Early this morning, volunteers canvassing streets, parks, and buses all across King County recorded 2,442 people sleeping outside and in makeshift shelters as part of the 31st annual One Night Count of people who are homeless.

"That's 317 fewer people than teams counted one year ago, a drop of 11 percent," Alison Eisinger, the executive director of the Seattle/King County Coalition on Homelessness (SKCCH), writes in a press release sent early this morning (SKCCH organizes the count). "This is the first double-digit drop we have seen in years of counting."

SKCCH says that the count is a preliminary estimate and doesn't reflect the 6,000 people staying in emergency shelter and transitional housing overnight. Still, it shows a significant drop in King County's unsheltered homeless population. SKCCH says a number of factors could contribute to the drop. For instance, more winter shelters were open in downtown Seattle and Redmond this year, keeping people of the streets. Recent flooding in Auburn, Renton, and Kent kept some areas from being counted by volunteers. And more housing options (including over 400 new apartments) have become available to homeless people through the 10-Year Plan to End Homelessness.

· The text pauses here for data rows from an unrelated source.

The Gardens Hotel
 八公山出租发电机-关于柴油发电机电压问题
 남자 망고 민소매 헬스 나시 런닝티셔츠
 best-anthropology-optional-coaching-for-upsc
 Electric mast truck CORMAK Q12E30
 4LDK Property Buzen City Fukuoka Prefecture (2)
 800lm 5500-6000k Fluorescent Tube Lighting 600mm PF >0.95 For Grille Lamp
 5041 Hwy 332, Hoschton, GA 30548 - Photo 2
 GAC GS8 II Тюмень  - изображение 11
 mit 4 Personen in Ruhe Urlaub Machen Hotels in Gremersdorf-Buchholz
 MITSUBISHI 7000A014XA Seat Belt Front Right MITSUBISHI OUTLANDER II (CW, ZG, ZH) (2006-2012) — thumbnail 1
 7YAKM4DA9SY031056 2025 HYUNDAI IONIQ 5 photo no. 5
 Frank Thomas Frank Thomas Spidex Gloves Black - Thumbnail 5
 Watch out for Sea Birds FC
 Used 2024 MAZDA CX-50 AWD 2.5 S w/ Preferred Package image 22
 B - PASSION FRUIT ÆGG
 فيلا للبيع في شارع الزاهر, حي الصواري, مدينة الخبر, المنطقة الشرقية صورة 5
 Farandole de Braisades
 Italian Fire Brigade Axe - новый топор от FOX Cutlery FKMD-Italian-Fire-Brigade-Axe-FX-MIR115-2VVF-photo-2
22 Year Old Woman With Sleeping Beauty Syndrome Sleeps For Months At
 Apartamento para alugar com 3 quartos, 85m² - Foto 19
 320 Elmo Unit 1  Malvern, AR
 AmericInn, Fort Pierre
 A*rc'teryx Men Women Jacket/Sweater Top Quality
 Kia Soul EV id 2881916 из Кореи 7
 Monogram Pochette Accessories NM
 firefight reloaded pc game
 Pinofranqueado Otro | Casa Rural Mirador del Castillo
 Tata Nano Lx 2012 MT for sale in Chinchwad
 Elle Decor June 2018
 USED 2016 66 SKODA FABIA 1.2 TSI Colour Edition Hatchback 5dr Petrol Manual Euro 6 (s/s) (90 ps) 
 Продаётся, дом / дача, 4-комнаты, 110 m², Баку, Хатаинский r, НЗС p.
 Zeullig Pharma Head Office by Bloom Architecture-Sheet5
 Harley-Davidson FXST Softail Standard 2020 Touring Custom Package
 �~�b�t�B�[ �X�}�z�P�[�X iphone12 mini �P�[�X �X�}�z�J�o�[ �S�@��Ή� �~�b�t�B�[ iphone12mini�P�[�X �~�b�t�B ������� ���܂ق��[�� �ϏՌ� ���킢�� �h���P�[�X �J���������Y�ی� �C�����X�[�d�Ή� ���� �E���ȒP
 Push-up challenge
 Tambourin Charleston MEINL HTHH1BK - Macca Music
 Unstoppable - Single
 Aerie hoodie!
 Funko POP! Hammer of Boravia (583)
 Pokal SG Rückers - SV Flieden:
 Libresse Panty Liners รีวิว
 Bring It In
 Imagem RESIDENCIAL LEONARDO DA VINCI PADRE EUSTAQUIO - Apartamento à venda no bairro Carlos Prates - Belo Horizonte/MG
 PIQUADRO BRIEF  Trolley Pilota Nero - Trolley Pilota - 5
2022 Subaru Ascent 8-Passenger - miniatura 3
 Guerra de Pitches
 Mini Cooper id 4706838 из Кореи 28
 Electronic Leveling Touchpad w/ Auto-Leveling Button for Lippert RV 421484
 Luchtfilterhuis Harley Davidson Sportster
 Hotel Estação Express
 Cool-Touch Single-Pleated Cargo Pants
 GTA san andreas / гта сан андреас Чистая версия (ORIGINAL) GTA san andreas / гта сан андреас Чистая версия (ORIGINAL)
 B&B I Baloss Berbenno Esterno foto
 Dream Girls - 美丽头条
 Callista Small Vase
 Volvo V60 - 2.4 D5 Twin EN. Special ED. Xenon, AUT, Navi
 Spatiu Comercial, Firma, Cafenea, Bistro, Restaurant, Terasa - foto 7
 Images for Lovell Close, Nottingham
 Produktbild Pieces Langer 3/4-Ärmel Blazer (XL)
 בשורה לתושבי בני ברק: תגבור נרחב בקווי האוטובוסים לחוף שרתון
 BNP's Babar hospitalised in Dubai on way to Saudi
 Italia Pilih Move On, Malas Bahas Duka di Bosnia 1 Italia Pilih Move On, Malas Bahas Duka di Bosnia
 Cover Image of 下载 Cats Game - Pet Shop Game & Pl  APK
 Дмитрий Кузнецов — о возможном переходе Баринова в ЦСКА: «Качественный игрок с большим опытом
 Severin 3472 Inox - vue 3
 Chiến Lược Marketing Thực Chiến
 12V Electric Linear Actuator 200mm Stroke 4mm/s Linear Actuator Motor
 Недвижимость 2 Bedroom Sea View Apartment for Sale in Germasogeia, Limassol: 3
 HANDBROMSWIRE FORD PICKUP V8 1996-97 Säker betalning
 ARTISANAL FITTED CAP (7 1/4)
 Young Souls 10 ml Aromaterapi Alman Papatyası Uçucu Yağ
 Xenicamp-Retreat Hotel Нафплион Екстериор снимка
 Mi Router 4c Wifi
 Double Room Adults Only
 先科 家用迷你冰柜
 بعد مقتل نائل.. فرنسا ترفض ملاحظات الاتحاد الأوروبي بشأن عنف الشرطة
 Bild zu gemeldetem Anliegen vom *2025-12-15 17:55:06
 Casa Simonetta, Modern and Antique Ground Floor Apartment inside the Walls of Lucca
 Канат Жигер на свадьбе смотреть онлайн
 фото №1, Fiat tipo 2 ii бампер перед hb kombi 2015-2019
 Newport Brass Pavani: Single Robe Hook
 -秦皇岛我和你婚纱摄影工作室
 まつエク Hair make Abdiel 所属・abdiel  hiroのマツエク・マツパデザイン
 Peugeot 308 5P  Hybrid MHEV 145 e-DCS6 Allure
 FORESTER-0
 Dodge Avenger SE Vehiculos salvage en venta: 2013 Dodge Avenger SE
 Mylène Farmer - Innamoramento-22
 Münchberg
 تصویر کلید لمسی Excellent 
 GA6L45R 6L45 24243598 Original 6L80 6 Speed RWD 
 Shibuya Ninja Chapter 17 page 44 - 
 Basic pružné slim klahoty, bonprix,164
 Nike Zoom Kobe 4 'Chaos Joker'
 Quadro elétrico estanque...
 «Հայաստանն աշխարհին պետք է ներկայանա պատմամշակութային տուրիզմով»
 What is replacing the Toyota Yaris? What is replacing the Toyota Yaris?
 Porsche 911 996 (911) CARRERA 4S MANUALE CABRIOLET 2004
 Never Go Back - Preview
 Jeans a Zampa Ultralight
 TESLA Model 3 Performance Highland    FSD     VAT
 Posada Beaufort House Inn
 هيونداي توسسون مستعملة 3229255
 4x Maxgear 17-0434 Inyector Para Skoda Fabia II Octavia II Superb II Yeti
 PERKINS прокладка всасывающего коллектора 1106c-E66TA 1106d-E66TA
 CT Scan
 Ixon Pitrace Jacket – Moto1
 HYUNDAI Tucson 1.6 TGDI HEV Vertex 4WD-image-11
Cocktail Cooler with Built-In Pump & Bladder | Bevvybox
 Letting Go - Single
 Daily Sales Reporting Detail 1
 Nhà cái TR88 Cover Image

I was among roughly 900 other volunteers (including Mayor Mike McGinn and Seattle City Council Members Sally Bagshaw and Tim Burgess) who counted the homeless between 2:00 to 5:00 a.m. this morning. It was my first experience with the One Night Count and I was placed in Belltown, which is coincidentally my neighborhood.

Here's an uncomfortable thing that happens when you're counting homeless people in your neighborhood: You see people you recognize, sleeping in doorways. You run into people you know—repeatedly—as they prowl the streets for hours (someone called it "survival walking"). And the first few times you say "hello!" when you see them because it seems like the polite thing to do but after awhile you realize that it makes them uncomfortable. They're pretending they have somewhere to be at 3:00 a.m. and 3:30 and 4:00 and every time you say "hello!" you ruin that pretense and make them feel ashamed.

And that is a horrible feeling. Like going to a petting zoo and coming home with dinner.

This year my group counted 74 homeless people in Belltown. My group leader was heartened by this number—last year his group found around 150 homeless people in the area.